To help reduce a $3.9 million deficit last year, the Board of Supervisors and School Board lowered 2 percent raises for employees to 1 percent, which saved the schools $1.1 million.

To learn about additional ways to finance capital projects, supervisors discussed a variety of bond options and service districts. Under a general obligation bond, for example, a project or a group of projects go to the public for a referendum vote. Assistant county executive Bill Letteri encouraged the board to examine how other localities engage in securing bonds.

Localities also can create service districts by ordinance, Alshouse said.

“It’s usually an added service, or a higher level of service,” Letteri said, noting that the move wouldn’t provide benefit for the entire county.

“You can only provide additional or more complete or more timely services within those boundaries,” Alshouse said, noting that some communities use them for economic development areas or sidewalk projects, amongst other uses.
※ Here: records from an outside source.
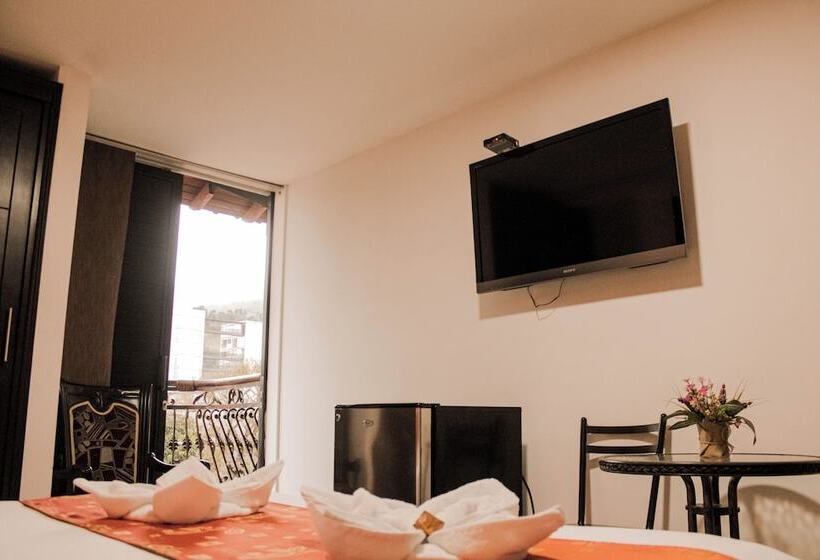 Hotel Plaza Garibaldi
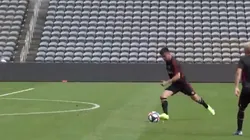 Antes del gol de Quintero, el Pity Martínez metió un infernal tiro libre con el Atlanta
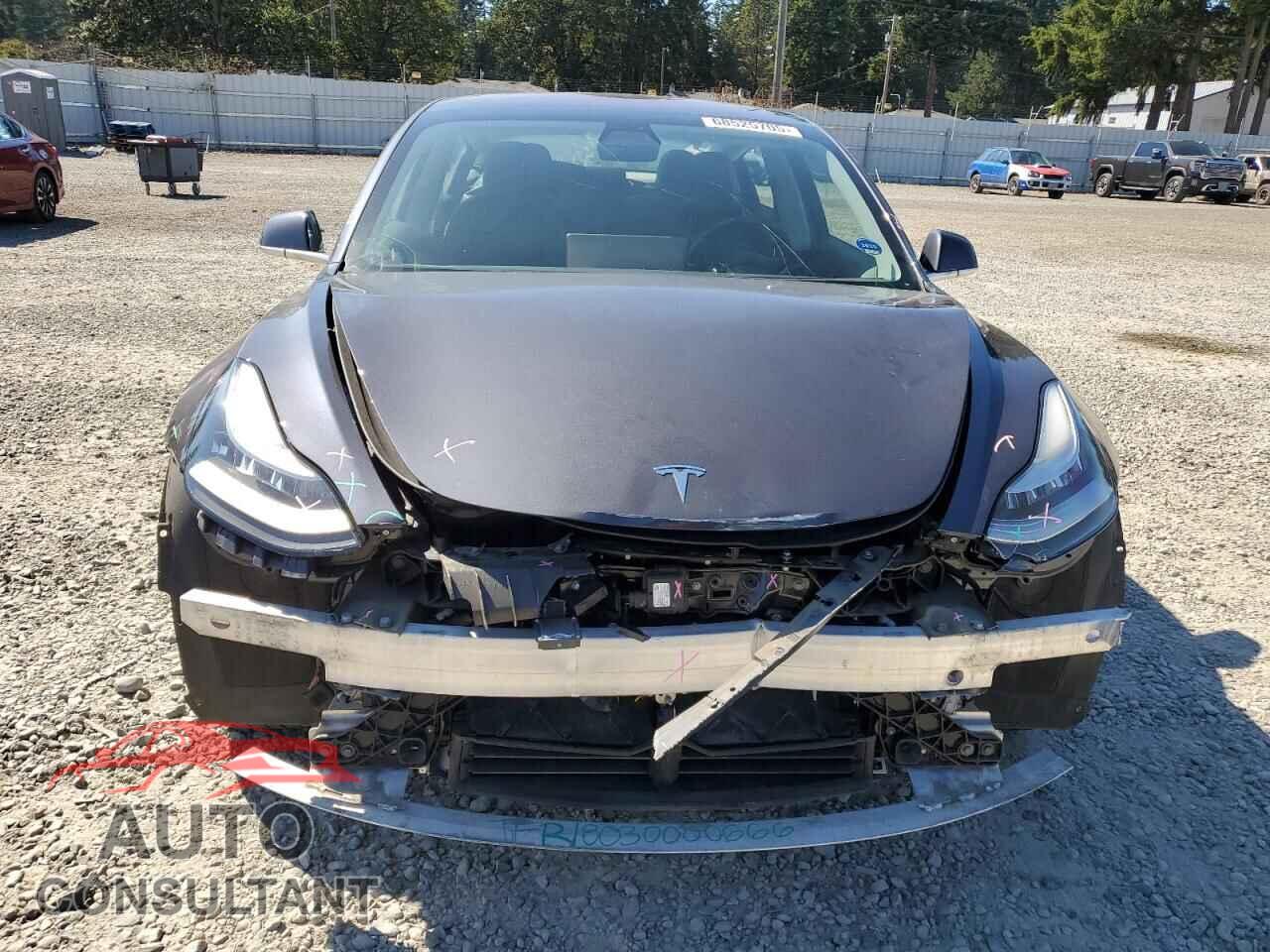TESLA MODEL 3 2018 - 5YJ3E1EA0JF005997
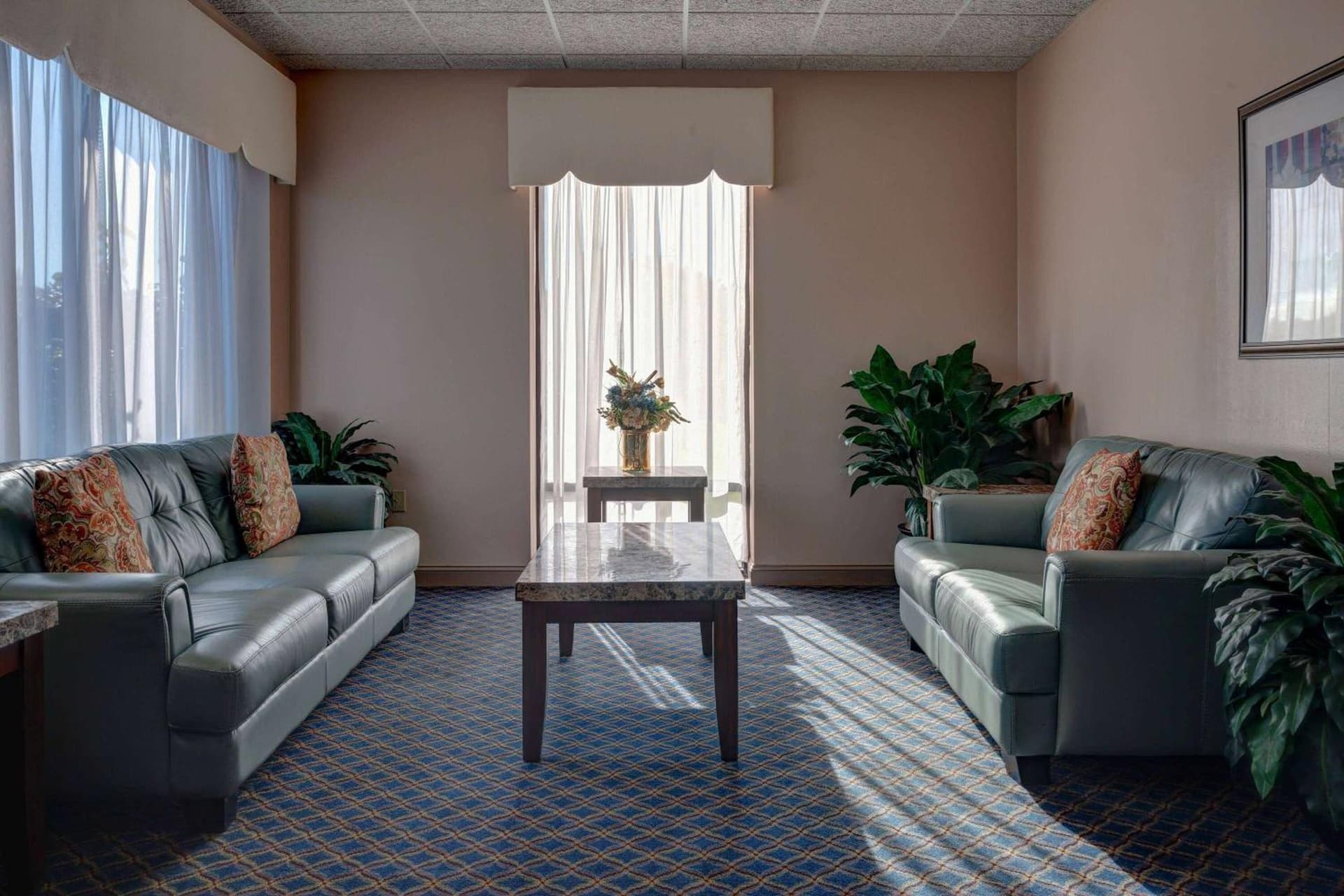 Howard Johnson by Wyndham Amherst Hadley property views in Amherst — gallery photo 3
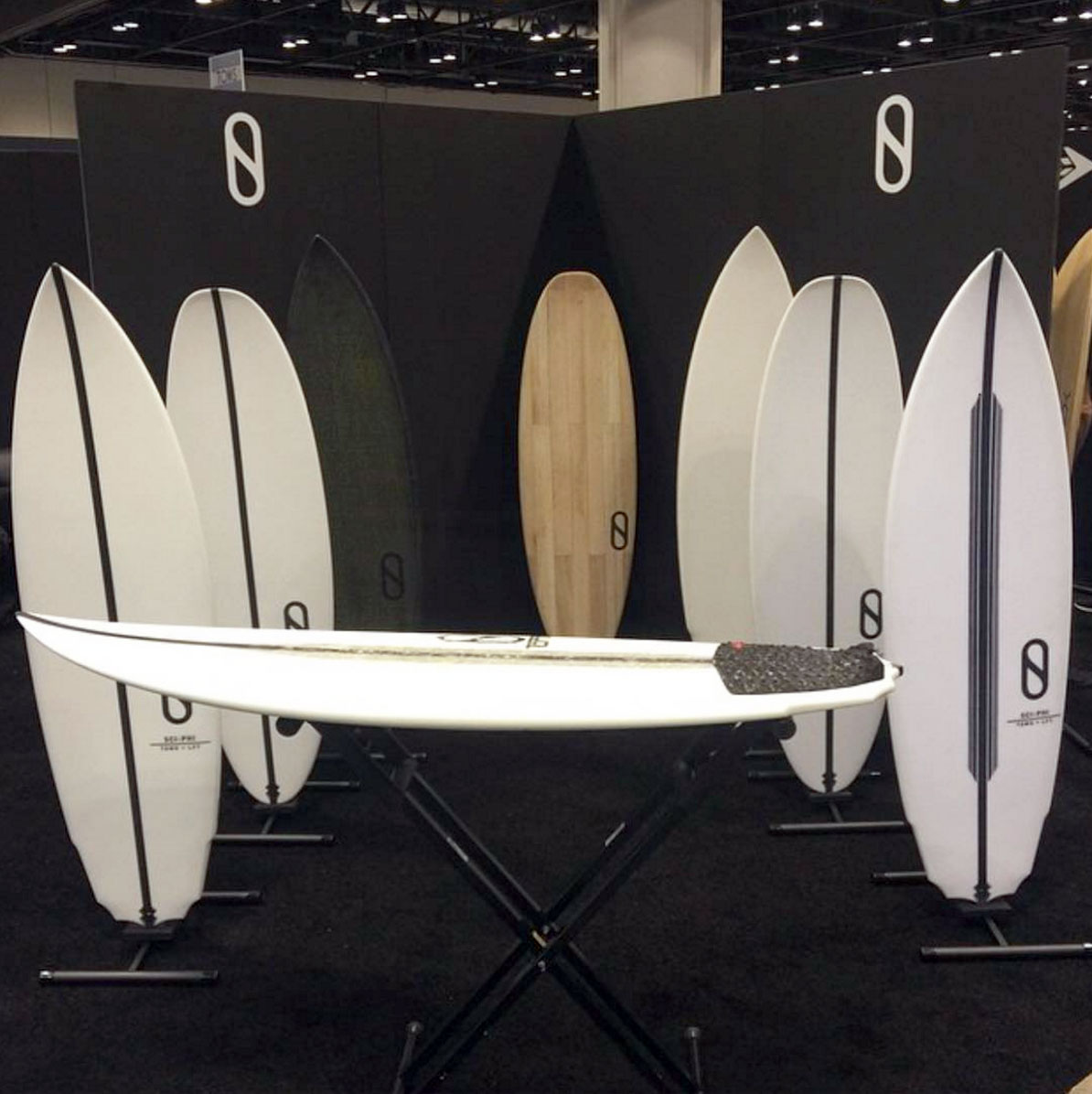 サーフィン 動画　ニュースケリー・スレーターのボードブランド「スレーターデザインズ」が3モデルをお披露目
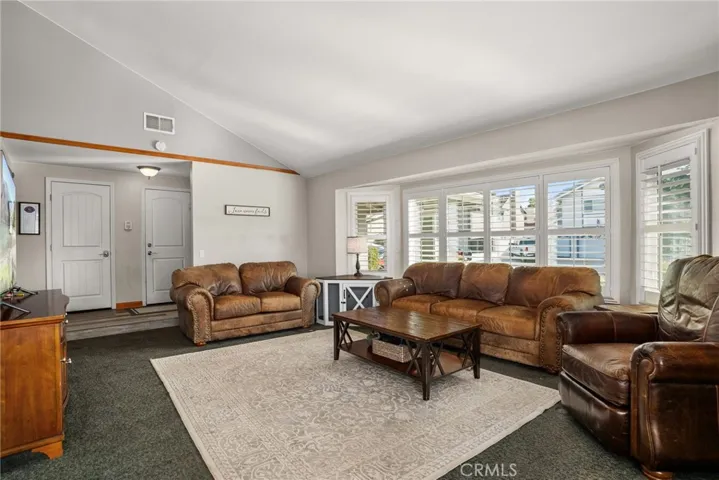 Bright open living room, perfect for entertaining and quiet evenings at home.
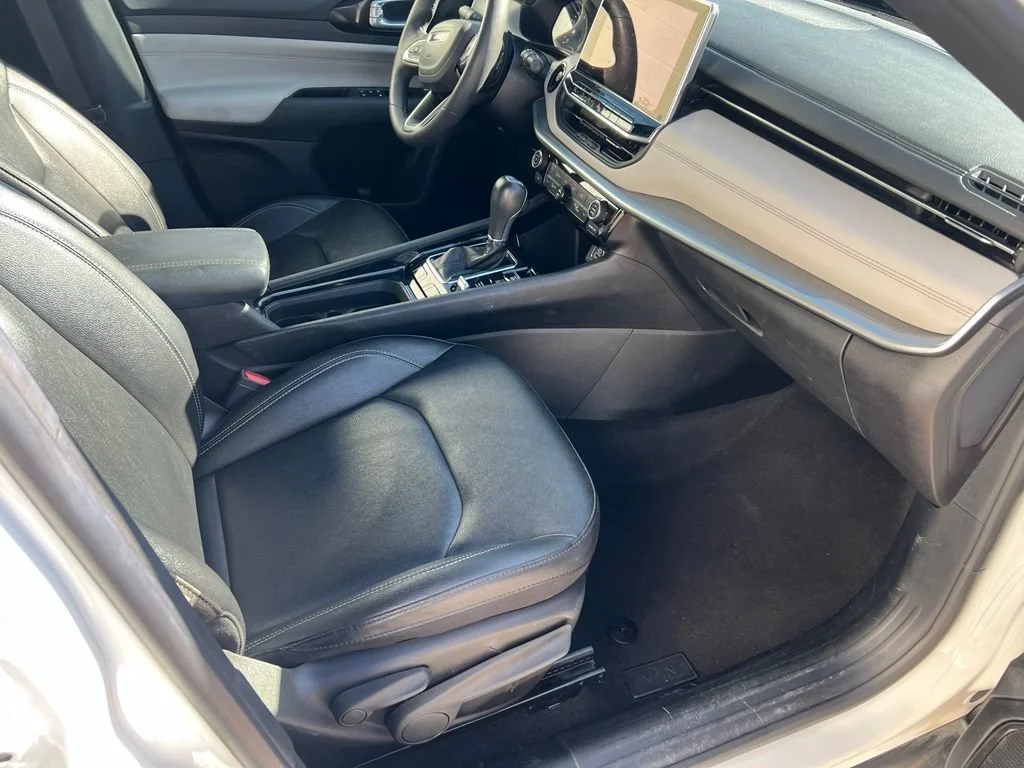 Used 2025 White Jeep Limited image 29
“Then you levy the tax on the value of the property within the district,” Alshouse added.

Supervisors Jane Dittmar said that she heard support for service districts during her recent town hall meetings.

Supervisors Diantha McKeel, Ann H. Mallek, Liz Palmer and Dittmar all said most of the comments they’ve heard during their town hall meetings concern the school division’s growing enrollment and increasing public safety.

From fiscal year 2009 to fiscal year 2015, Albemarle’s budget shrank by almost 3.5 percent, from $333.7 million to $322.5 million. During that same period, school enrollment grew 4.2 percent, from 12,531 students to 13,075 students. Additionally, Albemarle saw more than 4,600 new dwelling units constructed between 2005 and 2012, with most of those rising in the urban area.

The Board of Supervisors last year increased real estate taxes by 3.3 cents, which brought the tax rate to 79 cents per $100 of assessed value. Within that 3.3 cents, seven-tenths of a penny was carved out for mandates to improve water quality in the Chesapeake Bay watershed. The school division received nine-tenths of a penny, and 1.7 cents were directed toward the capital improvement program and other local government needs.

The Board of Supervisors and the Albemarle School Board plan to meet jointly Dec. 10, at which time the supervisors are scheduled to adopt the five-year plan.